═════ Supplied records
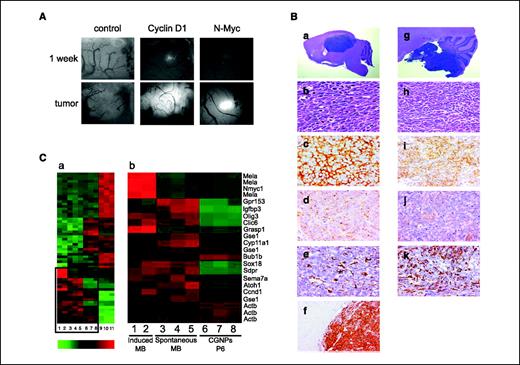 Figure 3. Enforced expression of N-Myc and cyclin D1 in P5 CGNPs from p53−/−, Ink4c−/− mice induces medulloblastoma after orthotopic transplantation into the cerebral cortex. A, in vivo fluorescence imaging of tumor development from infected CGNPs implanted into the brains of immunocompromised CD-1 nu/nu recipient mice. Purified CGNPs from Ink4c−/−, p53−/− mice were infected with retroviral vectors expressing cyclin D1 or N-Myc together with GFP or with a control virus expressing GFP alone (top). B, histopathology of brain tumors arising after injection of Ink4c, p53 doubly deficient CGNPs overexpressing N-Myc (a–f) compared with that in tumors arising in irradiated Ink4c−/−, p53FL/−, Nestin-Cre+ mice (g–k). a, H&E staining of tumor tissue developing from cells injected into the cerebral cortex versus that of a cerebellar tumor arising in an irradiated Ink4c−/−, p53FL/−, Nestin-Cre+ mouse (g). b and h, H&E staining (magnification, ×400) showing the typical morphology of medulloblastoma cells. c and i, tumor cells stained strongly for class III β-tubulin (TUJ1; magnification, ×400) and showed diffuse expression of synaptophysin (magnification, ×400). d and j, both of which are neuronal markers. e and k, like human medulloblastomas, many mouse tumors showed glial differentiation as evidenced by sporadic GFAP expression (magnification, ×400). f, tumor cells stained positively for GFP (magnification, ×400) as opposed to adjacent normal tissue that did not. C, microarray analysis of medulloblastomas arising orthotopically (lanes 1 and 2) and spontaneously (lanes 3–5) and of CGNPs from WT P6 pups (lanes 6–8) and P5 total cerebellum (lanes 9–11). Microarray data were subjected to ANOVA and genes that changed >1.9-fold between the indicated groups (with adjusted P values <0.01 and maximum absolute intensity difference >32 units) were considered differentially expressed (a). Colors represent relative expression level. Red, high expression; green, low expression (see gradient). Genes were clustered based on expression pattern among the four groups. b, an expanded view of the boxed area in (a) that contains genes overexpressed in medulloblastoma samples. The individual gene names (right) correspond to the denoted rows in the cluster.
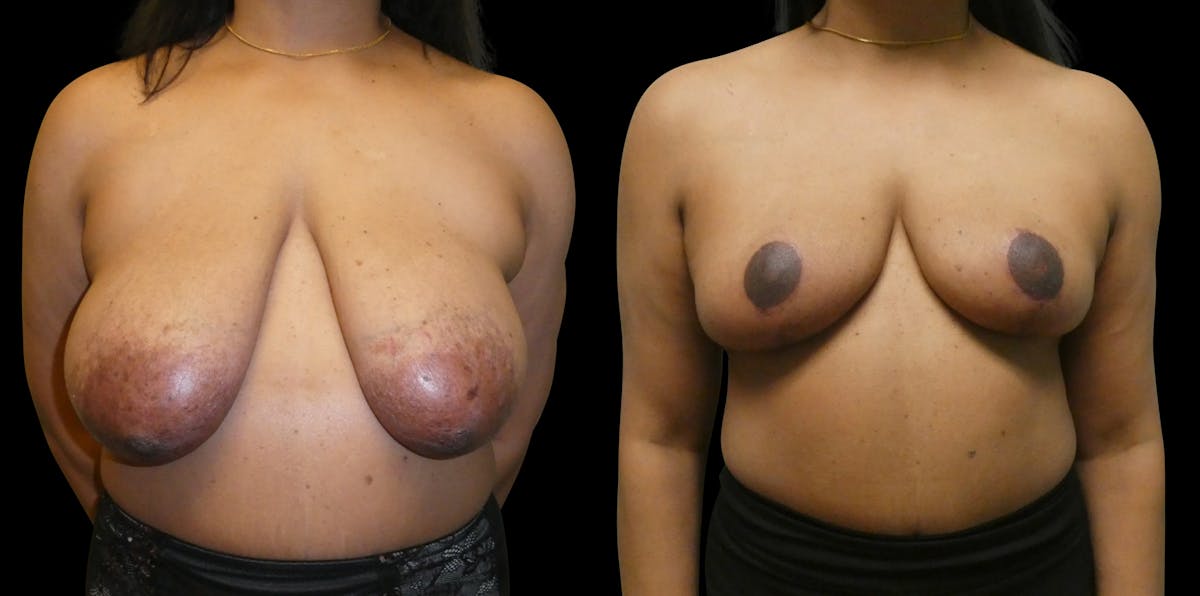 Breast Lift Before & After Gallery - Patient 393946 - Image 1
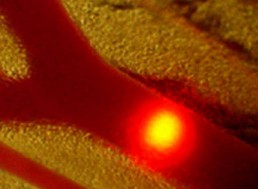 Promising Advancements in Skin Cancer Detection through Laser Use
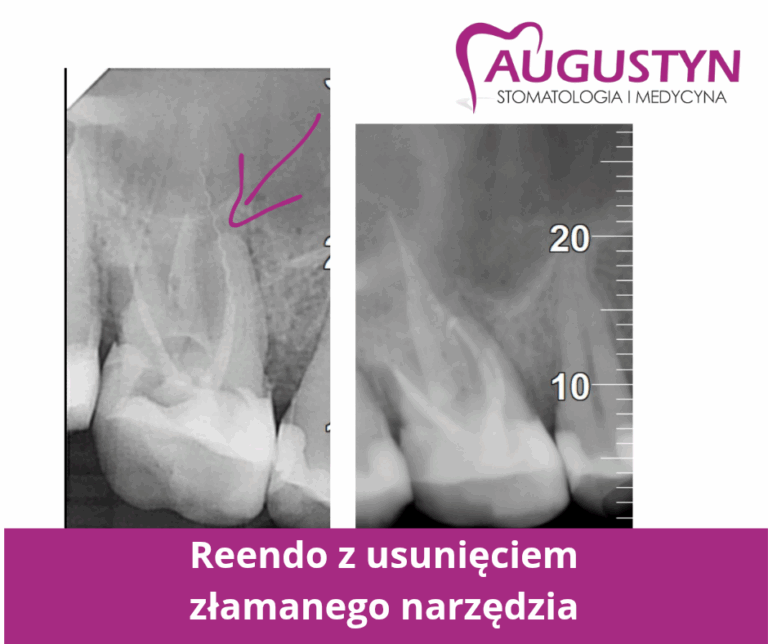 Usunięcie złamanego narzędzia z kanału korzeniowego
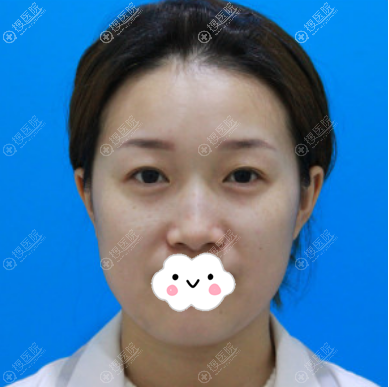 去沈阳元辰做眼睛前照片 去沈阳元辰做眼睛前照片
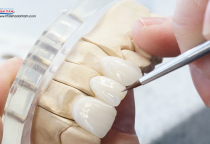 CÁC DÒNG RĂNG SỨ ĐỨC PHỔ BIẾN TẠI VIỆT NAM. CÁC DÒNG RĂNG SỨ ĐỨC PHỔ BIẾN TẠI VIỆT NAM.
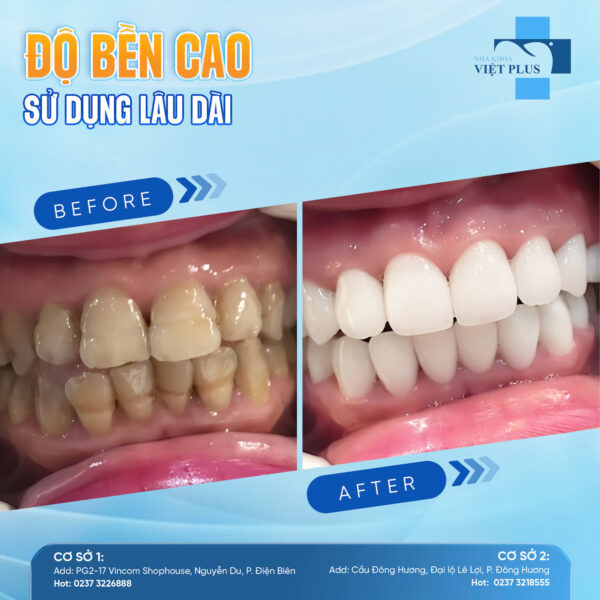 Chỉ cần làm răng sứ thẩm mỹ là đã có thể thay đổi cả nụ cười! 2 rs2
══════════
◆ **Task details**
Please print exactly the lines from the one holding "Usunięcie złamanego narzędzia" through the final line of the data above, including both, and skip all pictures.

◆ **Problem solution**
 Usunięcie złamanego narzędzia z kanału korzeniowego
 去沈阳元辰做眼睛前照片 去沈阳元辰做眼睛前照片
 CÁC DÒNG RĂNG SỨ ĐỨC PHỔ BIẾN TẠI VIỆT NAM. CÁC DÒNG RĂNG SỨ ĐỨC PHỔ BIẾN TẠI VIỆT NAM.
 Chỉ cần làm răng sứ thẩm mỹ là đã có thể thay đổi cả nụ cười! 2 rs2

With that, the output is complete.